TASK INPUTS =>
*****

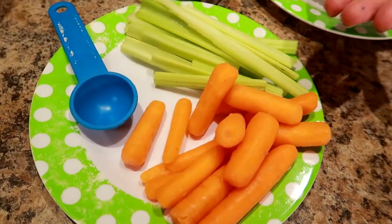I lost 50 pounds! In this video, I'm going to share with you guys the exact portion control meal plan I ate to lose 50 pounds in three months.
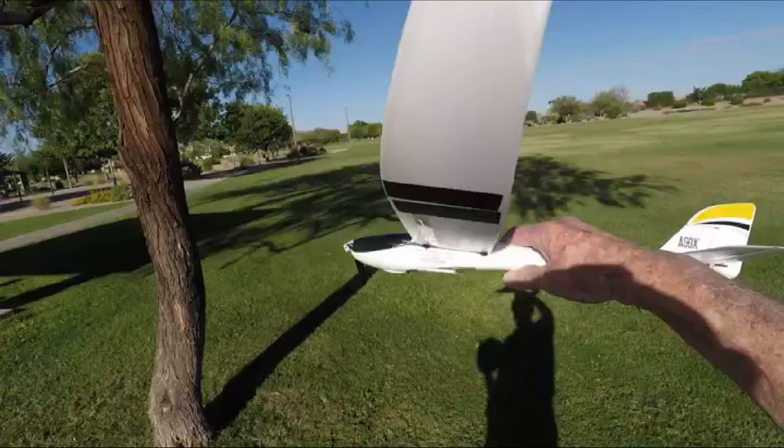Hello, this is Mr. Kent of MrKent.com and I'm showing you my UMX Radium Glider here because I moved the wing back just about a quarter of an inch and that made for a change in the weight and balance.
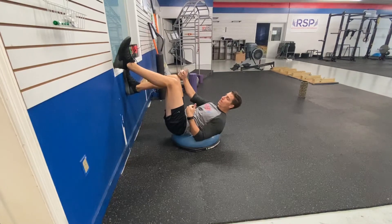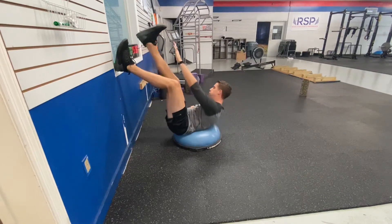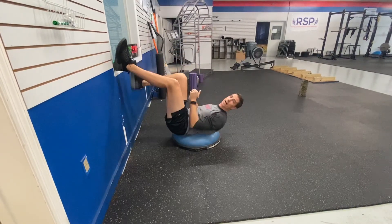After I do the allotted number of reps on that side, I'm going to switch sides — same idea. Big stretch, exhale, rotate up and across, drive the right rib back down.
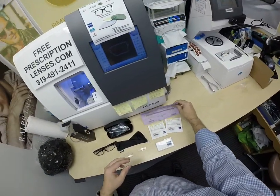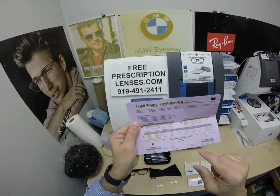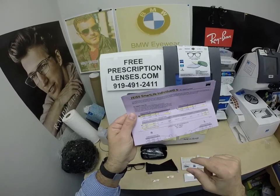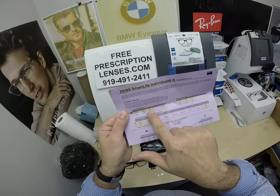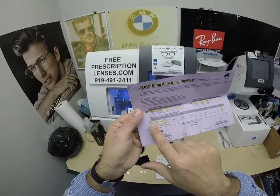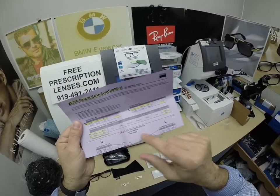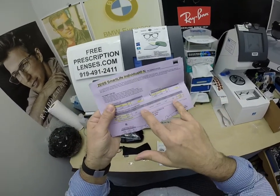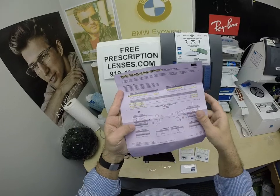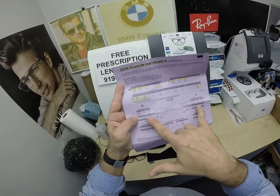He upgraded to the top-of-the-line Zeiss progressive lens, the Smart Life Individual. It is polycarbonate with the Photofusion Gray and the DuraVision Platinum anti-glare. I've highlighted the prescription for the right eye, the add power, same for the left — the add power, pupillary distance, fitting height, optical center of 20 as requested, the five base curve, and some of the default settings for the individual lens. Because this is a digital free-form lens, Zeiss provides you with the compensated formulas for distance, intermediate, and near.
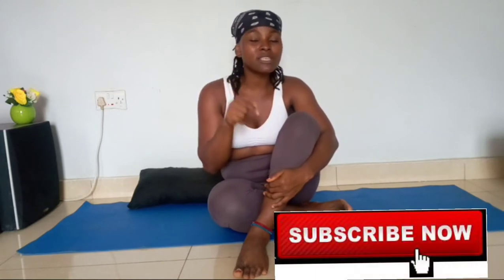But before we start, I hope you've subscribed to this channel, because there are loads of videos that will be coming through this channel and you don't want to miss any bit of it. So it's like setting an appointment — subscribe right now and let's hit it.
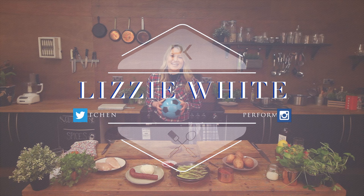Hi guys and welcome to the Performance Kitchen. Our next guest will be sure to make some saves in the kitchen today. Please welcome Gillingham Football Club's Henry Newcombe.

*****

YOUR GOAL => To complete the exercise, return the listing above exactly and omit its pictures.

WORKED SOLUTION =>
I lost 50 pounds! In this video, I'm going to share with you guys the exact portion control meal plan I ate to lose 50 pounds in three months.
Hello, this is Mr. Kent of MrKent.com and I'm showing you my UMX Radium Glider here because I moved the wing back just about a quarter of an inch and that made for a change in the weight and balance.
After I do the allotted number of reps on that side, I'm going to switch sides — same idea. Big stretch, exhale, rotate up and across, drive the right rib back down.
He upgraded to the top-of-the-line Zeiss progressive lens, the Smart Life Individual. It is polycarbonate with the Photofusion Gray and the DuraVision Platinum anti-glare. I've highlighted the prescription for the right eye, the add power, same for the left — the add power, pupillary distance, fitting height, optical center of 20 as requested, the five base curve, and some of the default settings for the individual lens. Because this is a digital free-form lens, Zeiss provides you with the compensated formulas for distance, intermediate, and near.
But before we start, I hope you've subscribed to this channel, because there are loads of videos that will be coming through this channel and you don't want to miss any bit of it. So it's like setting an appointment — subscribe right now and let's hit it.
Hi guys and welcome to the Performance Kitchen. Our next guest will be sure to make some saves in the kitchen today. Please welcome Gillingham Football Club's Henry Newcombe.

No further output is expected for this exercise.